- _Prompt_: Could you output exactly the lines from the one containing "10kt White Gold" through the end of the records below, and nothing more?
[Task inputs Boundary: Start]
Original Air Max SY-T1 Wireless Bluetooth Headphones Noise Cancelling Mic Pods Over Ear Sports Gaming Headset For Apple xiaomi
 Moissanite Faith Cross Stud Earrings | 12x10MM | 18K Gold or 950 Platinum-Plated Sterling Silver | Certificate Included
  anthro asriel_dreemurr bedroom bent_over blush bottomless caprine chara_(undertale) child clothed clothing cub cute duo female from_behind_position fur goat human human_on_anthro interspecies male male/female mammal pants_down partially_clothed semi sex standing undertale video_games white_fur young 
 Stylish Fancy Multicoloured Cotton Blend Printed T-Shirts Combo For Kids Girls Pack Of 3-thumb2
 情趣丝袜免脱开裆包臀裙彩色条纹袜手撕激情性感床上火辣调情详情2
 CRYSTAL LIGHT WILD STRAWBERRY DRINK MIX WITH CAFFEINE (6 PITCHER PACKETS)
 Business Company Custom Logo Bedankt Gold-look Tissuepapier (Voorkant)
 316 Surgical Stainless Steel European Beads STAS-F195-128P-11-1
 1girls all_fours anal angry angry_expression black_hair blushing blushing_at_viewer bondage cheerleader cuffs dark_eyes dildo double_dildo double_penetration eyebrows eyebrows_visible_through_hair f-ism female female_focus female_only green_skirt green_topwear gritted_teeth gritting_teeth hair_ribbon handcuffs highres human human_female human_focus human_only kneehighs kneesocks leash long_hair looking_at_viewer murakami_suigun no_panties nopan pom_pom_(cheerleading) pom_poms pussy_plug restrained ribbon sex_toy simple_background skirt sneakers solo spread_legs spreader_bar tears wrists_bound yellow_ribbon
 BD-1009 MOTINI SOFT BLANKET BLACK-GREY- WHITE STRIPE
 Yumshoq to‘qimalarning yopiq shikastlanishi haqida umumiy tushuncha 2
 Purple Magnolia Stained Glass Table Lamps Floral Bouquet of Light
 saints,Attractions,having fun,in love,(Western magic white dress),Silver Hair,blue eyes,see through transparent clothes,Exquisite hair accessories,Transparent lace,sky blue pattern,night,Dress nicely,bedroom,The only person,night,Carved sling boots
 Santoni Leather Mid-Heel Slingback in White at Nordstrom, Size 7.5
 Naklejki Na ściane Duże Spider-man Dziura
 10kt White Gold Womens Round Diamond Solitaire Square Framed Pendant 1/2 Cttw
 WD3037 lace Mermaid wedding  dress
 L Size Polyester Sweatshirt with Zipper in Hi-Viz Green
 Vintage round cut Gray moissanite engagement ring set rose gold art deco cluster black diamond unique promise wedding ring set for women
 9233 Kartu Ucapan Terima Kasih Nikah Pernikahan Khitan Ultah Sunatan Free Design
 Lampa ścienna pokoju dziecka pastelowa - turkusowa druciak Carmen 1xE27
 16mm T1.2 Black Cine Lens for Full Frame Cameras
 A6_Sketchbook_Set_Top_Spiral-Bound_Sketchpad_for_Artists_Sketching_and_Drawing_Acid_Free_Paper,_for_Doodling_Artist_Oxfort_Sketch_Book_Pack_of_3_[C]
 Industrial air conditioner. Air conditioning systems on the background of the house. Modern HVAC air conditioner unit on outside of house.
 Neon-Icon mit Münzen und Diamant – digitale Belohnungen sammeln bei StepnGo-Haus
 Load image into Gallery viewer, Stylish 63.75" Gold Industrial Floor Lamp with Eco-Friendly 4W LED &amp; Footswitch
[Task inputs Boundary: End]
- _Response box_:
 10kt White Gold Womens Round Diamond Solitaire Square Framed Pendant 1/2 Cttw
 WD3037 lace Mermaid wedding  dress
 L Size Polyester Sweatshirt with Zipper in Hi-Viz Green
 Vintage round cut Gray moissanite engagement ring set rose gold art deco cluster black diamond unique promise wedding ring set for women
 9233 Kartu Ucapan Terima Kasih Nikah Pernikahan Khitan Ultah Sunatan Free Design
 Lampa ścienna pokoju dziecka pastelowa - turkusowa druciak Carmen 1xE27
 16mm T1.2 Black Cine Lens for Full Frame Cameras
 A6_Sketchbook_Set_Top_Spiral-Bound_Sketchpad_for_Artists_Sketching_and_Drawing_Acid_Free_Paper,_for_Doodling_Artist_Oxfort_Sketch_Book_Pack_of_3_[C]
 Industrial air conditioner. Air conditioning systems on the background of the house. Modern HVAC air conditioner unit on outside of house.
 Neon-Icon mit Münzen und Diamant – digitale Belohnungen sammeln bei StepnGo-Haus
 Load image into Gallery viewer, Stylish 63.75" Gold Industrial Floor Lamp with Eco-Friendly 4W LED &amp; Footswitch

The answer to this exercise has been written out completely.